I recently read Comaford's Smart Tribes, a book that has become trendy in certain circles lately - and for a change, I have the sense that's a good thing.   While I don't expect many readers will get the message, anything that seeps in to help evolve management out of the industrial era and into the present age would be helpful.

I've likely mentioned before, perhaps several times, that management tactics are stuck in the Industrial era in which workers were unskilled drudges whose contribution was to do as they were told without thinking, and how this ill-concived methodology has been carried forward in firms that want, but fail, to be innovative.   Workers can be terrorized (threat of terminating the income on which his family depends is nothing less) into doing the will of management, but they cannot be terrorized into thinking innovatively, or thinking at all.

Much of this has to do with the processes of the human mind: any stimuli that is perceived as a threat gets an immediate reaction that includes very little intelligence.  While human beings do not have instincts in the sense that animals do, they do have stored procedures that they immediately fall upon when faced with a threatening situation, and they are more sophisticated in their threat-assessment algorithms.

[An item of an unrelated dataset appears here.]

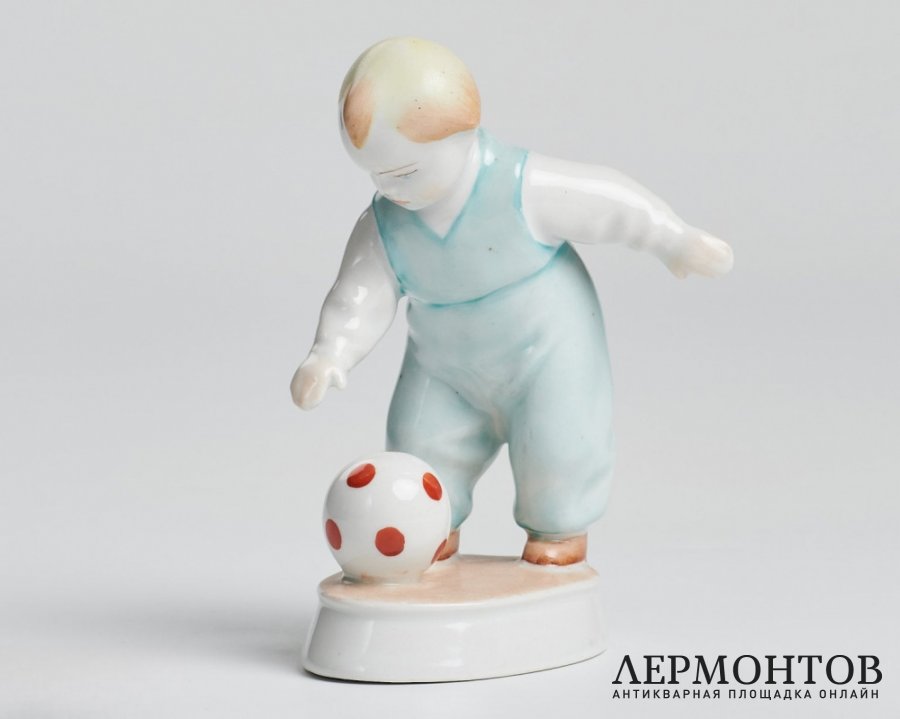 Статуэтка «Малыш-футболист». Фарфор, Zsolnay, Венгрия, 1930–1950-е годы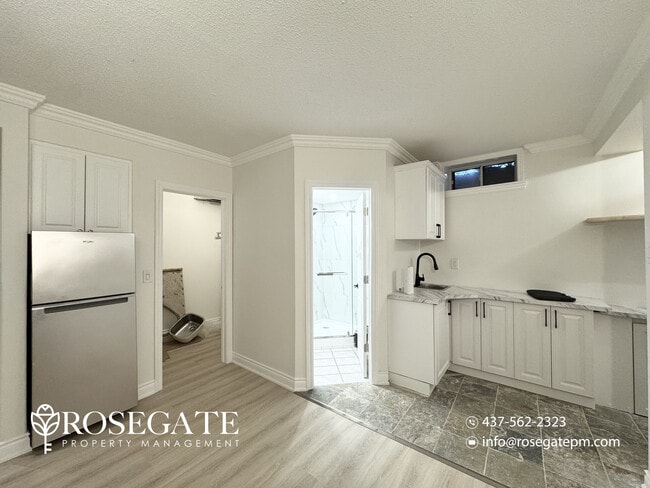 1059 Lakeshore Rd E in Mississauga, ON - Building Photo - Building Photo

Not only does this mean that any management directive that is backed by an "or else" threat receives an immediate and unintelligent response, but any situation perceived as being a problem is also categorized as a low-grade threat that gets a quick reaction - the first thing that comes to mind, based on patterns established by past experience in dealing with threats, is put into action without much consideration.    Neurologically, the activity all occurs in the limbic system, a part of the brain humans have in common with lesser species.  In a sense, it's entirely accurate to say that human beings behave like animals in dealing with threatening and stressful situations because the response does not give them access to the parts of the brain that are unique to humans.

In order to activity to take place in the frontal lobes - the distinctly human "thinking" parts of the brain - the threat-response algorithms must be bypassed.  If they are triggered, the stimulus and response never get further than the animalistic limbic system, and the intelligent mind can only be engaged after an action has been taken - hence the common question of "what was I thinking?" and the invariable answer that "I wasn't thinking."

The problem is not solved, not even partially, by traditional managers who seek to use traditional intimidation/terror tactics to motivate their subordinates to be innovative.   To be threatened into thinking is as absurd and contradictory as to be ordered not to follow orders.   It simply will not work.

What is necessary is an environment of opportunity-seeking rather than problem-solving, which is more than a matter of cleverly rephrasing a problem as an opportunity, but a significant shift for an organization.  It is a change not only in tactics, and not only in strategy, but in culture.

And with that in mind, I think Comaford is definitely onto something.   I'm not ready to jump on the "smart tribes" bandwagon after having read her book because there's a little too much cheerleading and a little too much junk-science for my taste - but that doesn't mean she's not heading in the right direction and that exposure to her theory of management would be harmful.  Quite the opposite.   Perhaps the best way to frame it is to say that it's good but in need of further consideration and refinement.